AN INTRODUCTION TO PROGRAMMING (PYTHON)

AN INTRODUCTION TO PROGRAMMING (PYTHON)

Gianluca Rossi

Instructional goals

The aim of the course is to introduce the concept of computational problem and automatic solving through the design, analysis and implementation of computationally efficient algorithmic solutions in a high level programming language. At the end of the course the student will be able to find solutions to simple computational problems in the form of programs and will be able to evaluate their efficiency. To this aim, will be introduced the concepts underlying any high-level programming language: data types; conditional control structures and instructions; file management; exceptions and memory management.

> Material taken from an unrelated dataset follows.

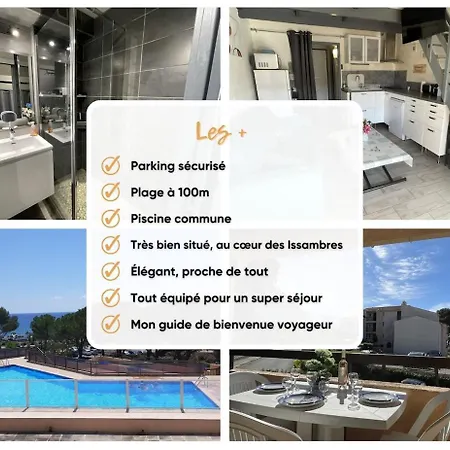 24m2 - Parking - Clim - Piscine - A 100m Lejlighed Roquebrune-sur-Argens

Several lectures will be devoted to: object-oriented programming methodology; libraries for data science oriented applications; libraries for big data manipulation.

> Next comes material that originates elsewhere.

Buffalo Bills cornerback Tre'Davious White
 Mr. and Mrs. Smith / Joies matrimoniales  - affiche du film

Intended learning outcomes

Knowledge and understanding: the student will acquire the fundamentals of the computational method; he will be introduced to the basic algorithms, data structures and the methods to evaluate the efficiency of the algorithms; he will learn the principles of programming languages with particular reference to the Python language. Applying knowledge and understanding: the student will acquire the ability to analyze simple computational problems; he will be able to describe the problem by using suitable formalism; he will be able to find an efficient algorithmic solution and code it by using the Python language. Making judgments: the student will acquire the ability to solve new computational problems by transferring the known techniques to the new domain. Communication skills: The student will be able to interact about a computational problem with non-experts. Learning skills: the student will be ready to continue his training to keep up to date on technological evolution.

Course Contents

Automatic resolution of problems; algorithms and programs; computational models; programming languages​​; types of programming languages​​; imperative languages​​; the structure of a program; simple and structured data types; variables; control structures; functions; recursion; input output; elementary data structures; object programming; useful libraries.

Reference Books

Allen B. Downey (2016). Think Python: How to Think Like a Computer Scientist 2nd Edition. O'Reilly Media.

Teaching Methods

Theoretical frontal lessons with computer exercises.

Assessment Method

The student will be evaluated on the basis of the individual scores achieved on: - Written exam, this is divided into two parts that will take place on the same day. ---- The first part consists of a set of multiple choice questions that serve to establish the student's ability to analyze code written in the Python programming language from a syntactic, semantic and computational complexity point of view. A score ranging from 0 to 12 will be awarded. ---- In the second part it is assigned to the student a computational problem that she/he will have to solve by designing an algorithm and its coding in the Python programming language. This part is used to evaluate the student's ability in designing, coding and analyzing algorithmic solutions. A score ranging from 0 to 22 will be awarded. The scores of the two tests will be added together to obtain the final score of the written test. The failure to achieve at least the score of 18 will result in failure to pass the exam. - Oral exam. It focuses on a discussion of the written test to the aim of analyzing the ability of verbal synthesis and to establish whether during the written test the student has worked in complete autonomy. This part can assign up to 2 points to be added to those of the written test. However, the evidence of learning gaps during this phase can induce a negative evaluation up to, in extreme cases, the failure to pass the exam. Achieving 32 points will result in a score of 30/30 cum laude.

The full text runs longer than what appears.